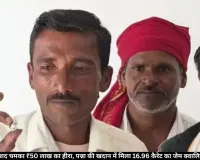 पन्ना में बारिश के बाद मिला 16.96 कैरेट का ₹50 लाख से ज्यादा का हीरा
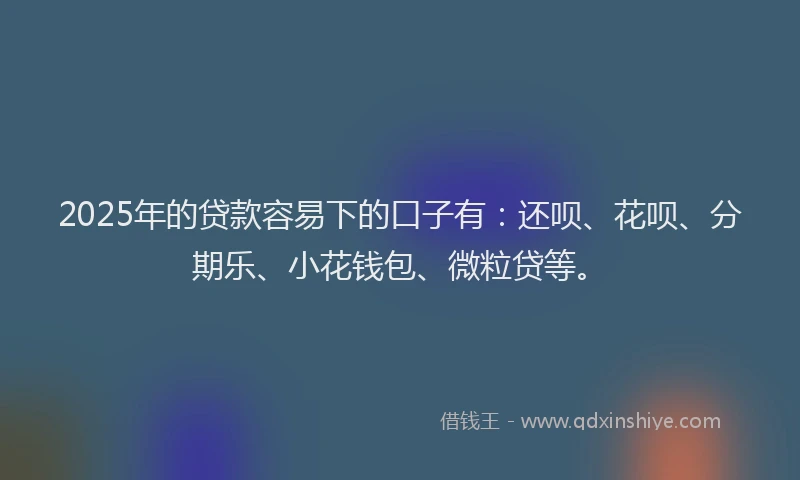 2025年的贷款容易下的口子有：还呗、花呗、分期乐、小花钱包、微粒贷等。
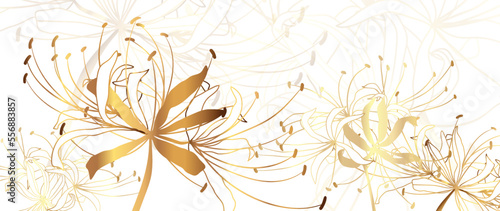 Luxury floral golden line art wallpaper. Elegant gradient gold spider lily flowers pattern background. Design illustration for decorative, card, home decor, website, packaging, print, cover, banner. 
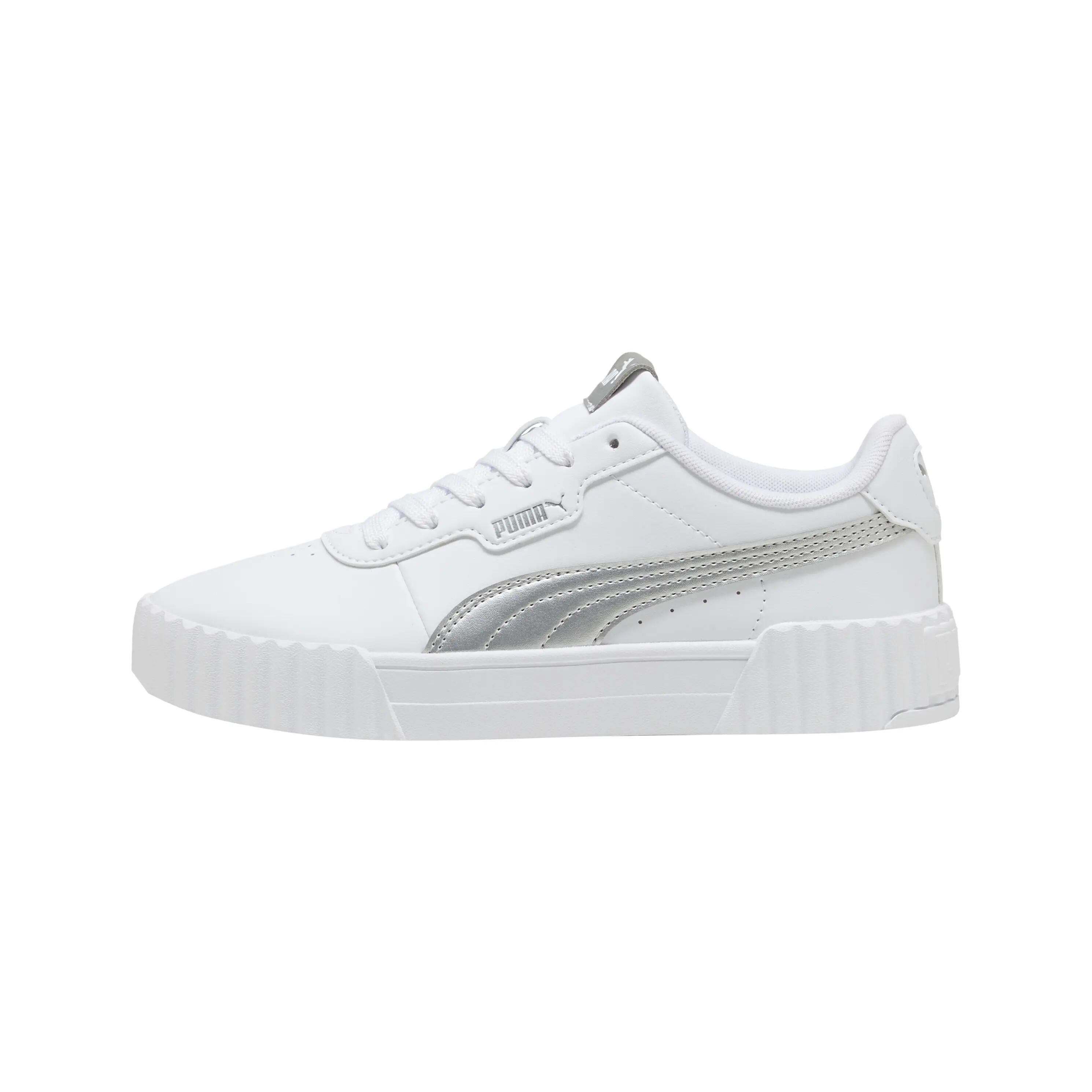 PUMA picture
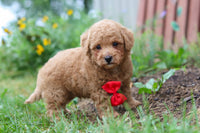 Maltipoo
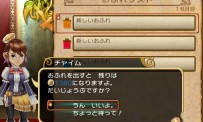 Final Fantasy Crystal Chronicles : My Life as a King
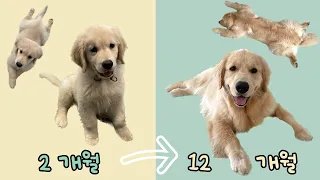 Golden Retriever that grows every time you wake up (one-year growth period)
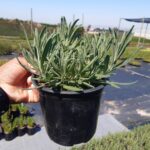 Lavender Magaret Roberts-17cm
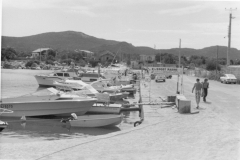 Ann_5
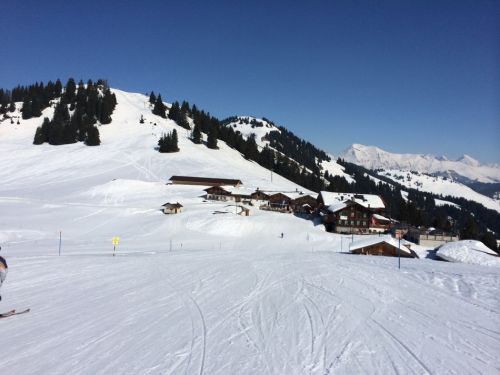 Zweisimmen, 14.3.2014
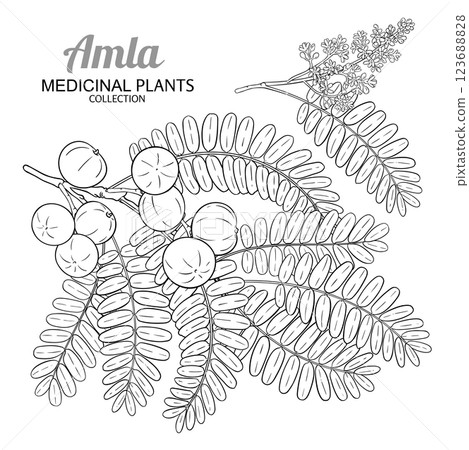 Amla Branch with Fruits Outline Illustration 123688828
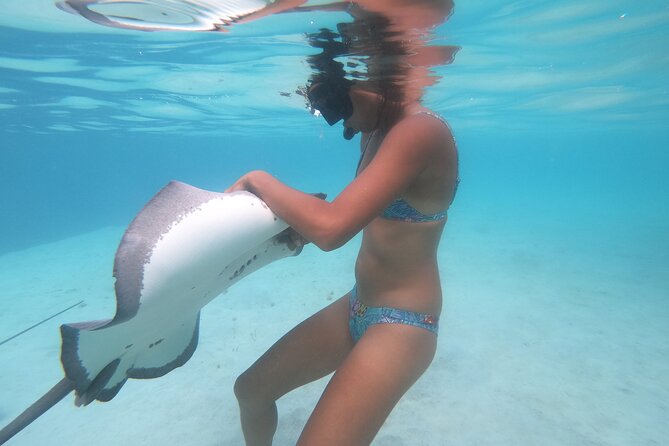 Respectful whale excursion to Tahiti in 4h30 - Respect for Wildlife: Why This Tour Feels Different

━━━━━━━━━━━━━━━━

Output every line above exactly as it stands, and drop any picture.

FINISHED EXERCISE:
 पन्ना में बारिश के बाद मिला 16.96 कैरेट का ₹50 लाख से ज्यादा का हीरा
 2025年的贷款容易下的口子有：还呗、花呗、分期乐、小花钱包、微粒贷等。
 Luxury floral golden line art wallpaper. Elegant gradient gold spider lily flowers pattern background. Design illustration for decorative, card, home decor, website, packaging, print, cover, banner. 
 PUMA picture
 Maltipoo
 Final Fantasy Crystal Chronicles : My Life as a King
 Golden Retriever that grows every time you wake up (one-year growth period)
 Lavender Magaret Roberts-17cm
 Ann_5
 Zweisimmen, 14.3.2014
 Amla Branch with Fruits Outline Illustration 123688828
 Respectful whale excursion to Tahiti in 4h30 - Respect for Wildlife: Why This Tour Feels Different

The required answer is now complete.